Presto i nodi verranno al pettine.

Bisognerà vedere se Giorgia Meloni reggerà coerentemente la posizione filoatlantica del suo Governo o se dovrà fare i conti con chi, nel centro destra, la pensa diversamente. Sarebbe per lei un’occasione formidabile per chiudere davvero i conti con le origini e rispondere a tutti coloro che la accusano di postfascismo.

Ma anche a sinistra le posizioni sono variegate. Qualche tempo fa ho scritto da queste pagine “Elly, con la politica estera non si scherza”.

Anche la Schlein non potrà continuare nel suo silenzio un po’ ambiguo, dettato soprattutto dalla necessità di non mettere in pericolo la costruzione di un campo largo che, in queste condizioni, farà veramente poca strada. Non si può tenere insieme Pagliarulo, Conte, Frantoianni, Renzi e Calenda sulla politica estera. Chi di questi è favorevole ad aumentare il budget della nostra spesa militare in coerenza con gli impegni assunti in sede Nato? Chi di questi è convinto che contro i neo-imperialismi sorgenti e le coalizioni antioccidentali non ci possono essere ambiguità?

Anche in questo caso la storia di Bettino Craxi e dei socialisti italiani è esemplare.

Nonostante una visione internazionalista e di cooperazione con i Paesi del Terzo Mondo, Craxi, Presidente del Consiglio nella prima metà degli anni ’80 del secolo scorso, autorizzò l’installazione dei missili di teatro a Comiso contro lo schieramento degli SS20 sovietici contro le capitali europee. Non fu una scelta facile. Dentro il PSI ci fu una grande discussione, anche perché in opposizione alle scelte del governo il Partito Comunista Italiano appoggiava manifestazioni pacifiste che si scoprì più tardi, erano in parte finanziate dal KGB. Nonostante ciò alla fine la decisione venne presa e aiutò non poco il cancelliere socialdemocratico Helmut Schmidt a fare la stessa cosa in Germania. Quella scelta, secondo molti storici, fu determinante per il crollo dell’URSS.

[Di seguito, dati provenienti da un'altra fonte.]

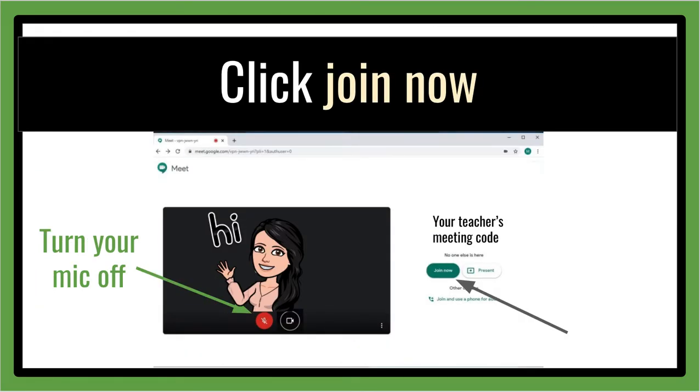Before you enter the meet, please click the mic button to turn the mic off. You can keep the camera on so your teacher will be able to see and meet you.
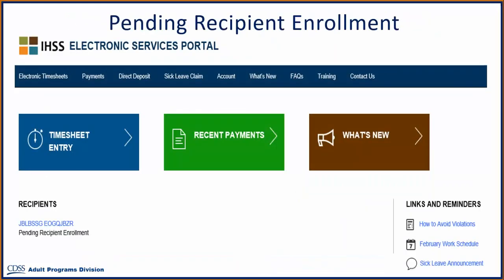Congratulations! You have successfully invited your recipient to enroll in the Electronic Timesheet System. You will know this by seeing Pending Recipient Enrollment displayed under your Invited Recipient.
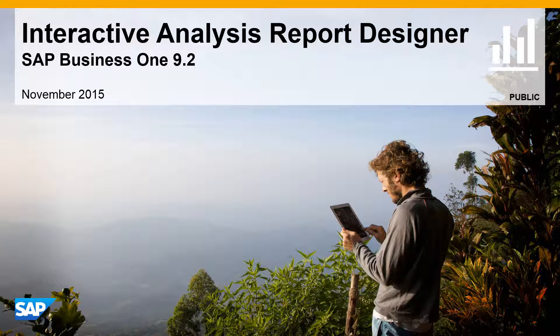Welcome to our feature clip showcasing the Interactive Analysis Report Designer for SAP Business One Release 9.2.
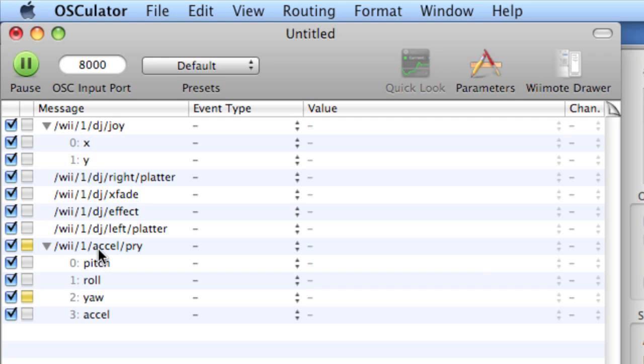This formatting scheme, or this naming scheme rather, was composed by the creator of Osculator, and so it might be a little bit different on another piece of software, like GlovePi. But the way in which you're going to parse this message in PD is the same.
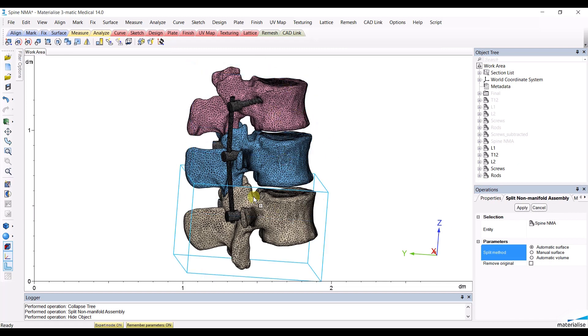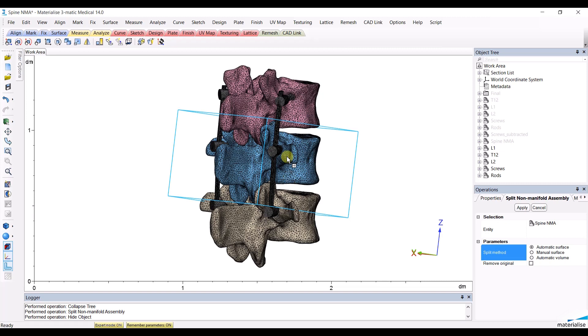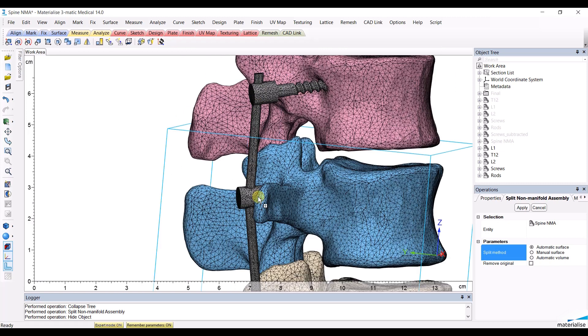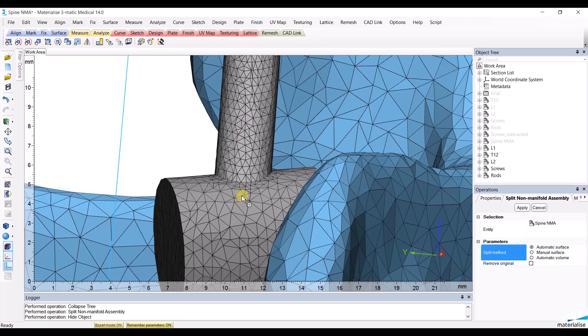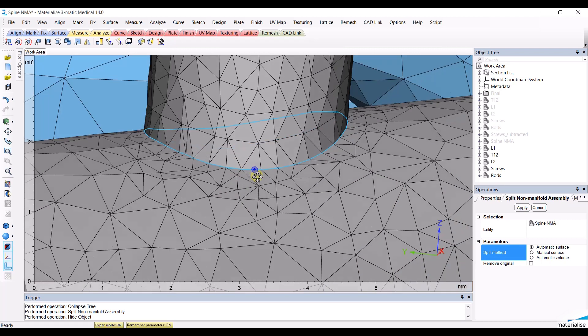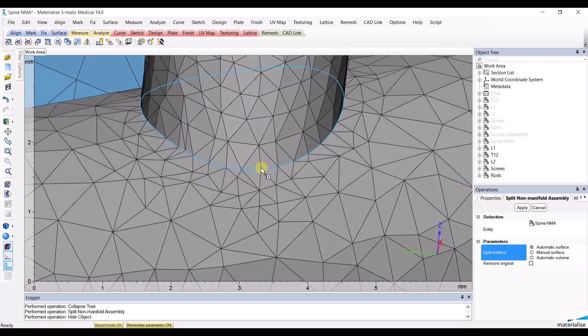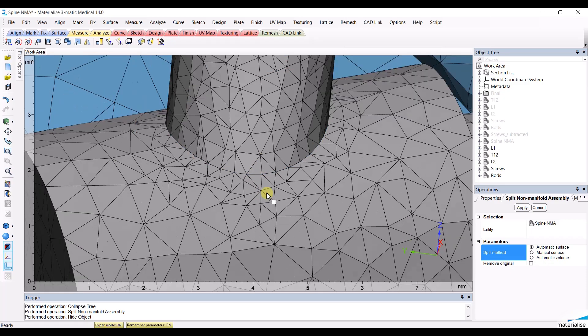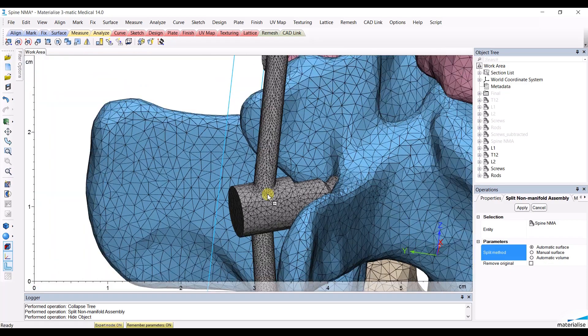Three vertebrae, one object for all the screws and one object for all the rods. They now all have the desired mesh with the triangle nodes that are corresponding at the intersections.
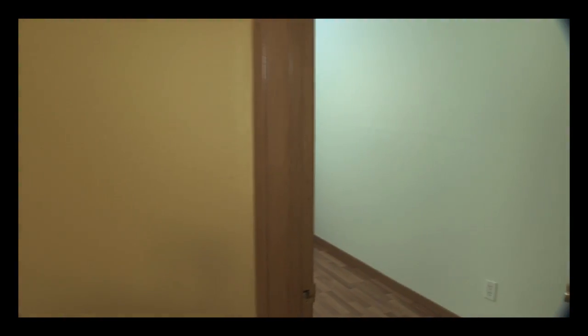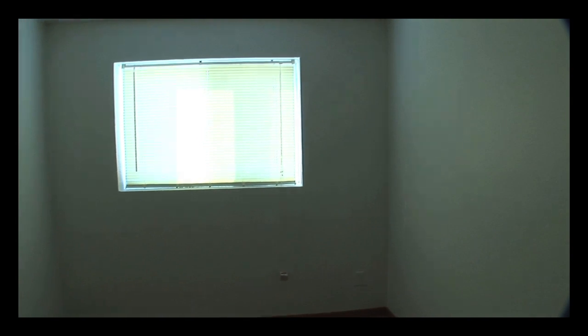We'll continue down the hall, and as we go into the first bedroom, you'll see a large window, and on the opposite wall is a large closet with a built-in shelf and rack.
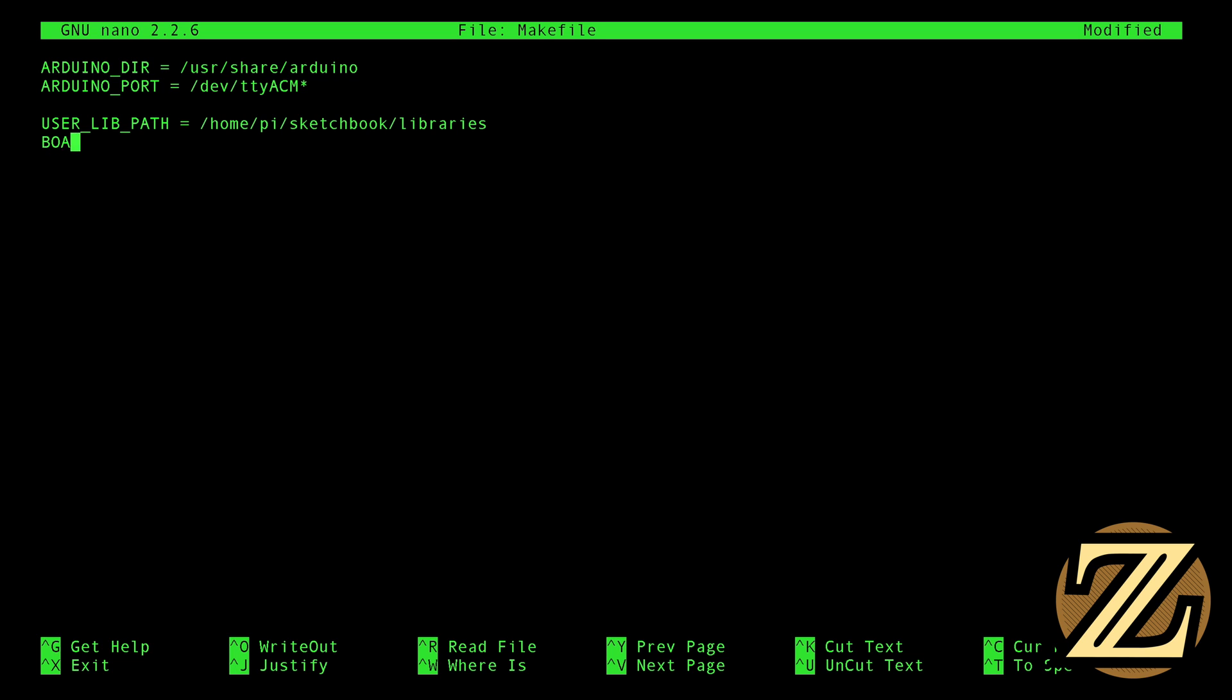We're also going to want to say what our board is. Remember how in the Arduino IDE you have to choose whether it's an UNO or a Mega 2560 or something like that. So our board tag here, because I have an UNO, is going to be uno. Then finally, we need to include the actual makefile, which again is found under /usr/share/arduino/Arduino.mk. And that's it.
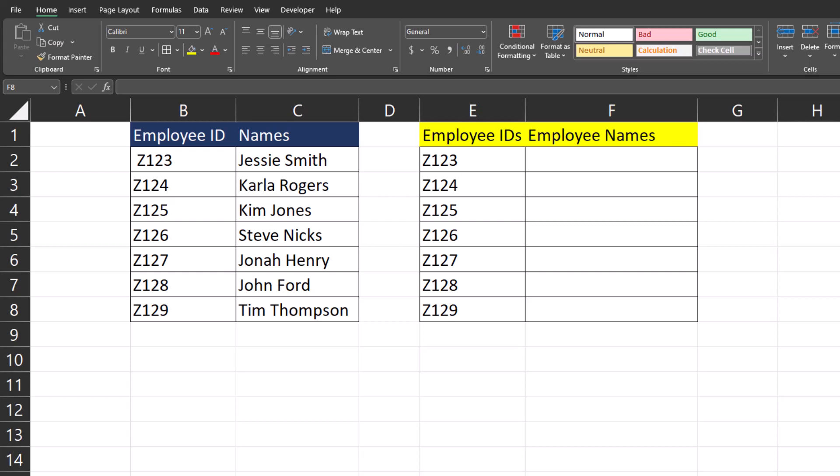Hello team and welcome to the channel. Today we're going to be taking a look at the TRIM function in Excel, and I'll help you understand why this can be such a powerful tool.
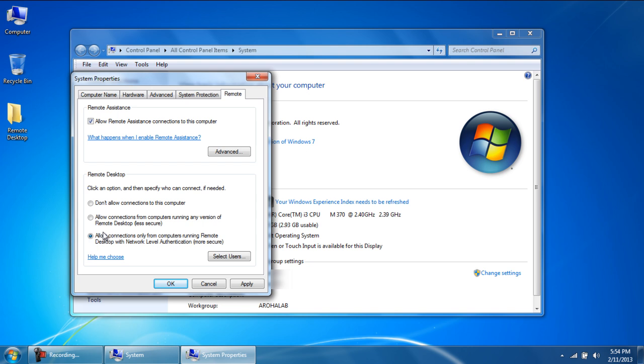Over here, since both the computers are running on Windows 7, we will choose the last option. With that done, click on OK.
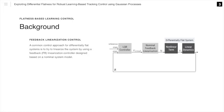Differential flatness is a structural property that allows us to separate the system dynamics into a linear dynamics and a non-linear term. A common control approach for differentially flat systems is to try to linearize the system by using a feedback linearization controller designed based on a nominal system model. The nominal feedback linearization tries to cancel the non-linear term, and then an outer loop linear controller such as an LQR controller is designed based on the linear dynamics.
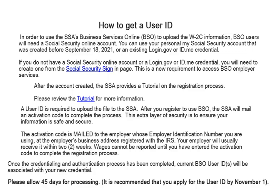How to get a user ID: In order to use the SSA's Business Services Online to upload the W2C information, BSO users will need a Social Security Online account. You can use your personal My Social Security account created before September 18, 2021, or an existing login.gov or ID.me credential. If you do not have a Social Security Online account or a login.gov or ID.me credential, you will need to create one from the Social Security sign-in page. This is a new requirement to access BSO employer services.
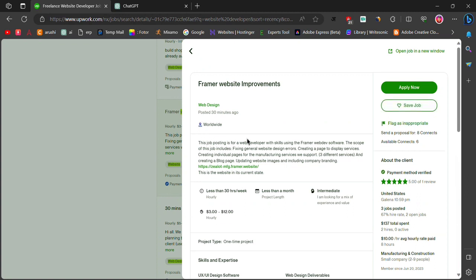Make sure to read the job description carefully before applying. To apply for a job, click on the Apply Now button.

Oggi invece che discutere di contenuti si fanno le ammucchiate per vincere le elezioni, salvo poi non riuscire a governare. Questa è la sciagurata conseguenza di un sistema maggioritario che premia la propaganda e i populismi.

Se è la politica estera che detterà sempre di più le alleanze di Governo, in prospettiva esiste o potrà esistere una maggioranza fatta da tutti coloro che credono che Italia, pur giocando una sua partita di cooperazione e di pace nel Mediterraneo, debba rimanere saldamente e senza ambiguità ancorata ai principi dell’atlantismo e della politica estera europea, che è poi la posizione dei  dei grandi Stati europei Germania, Francia, Spagna, Gran Bretagna? 

Potrebbe essere una maggioranza inedita ma resa necessaria e coerente dal rapido cambiamento del mondo.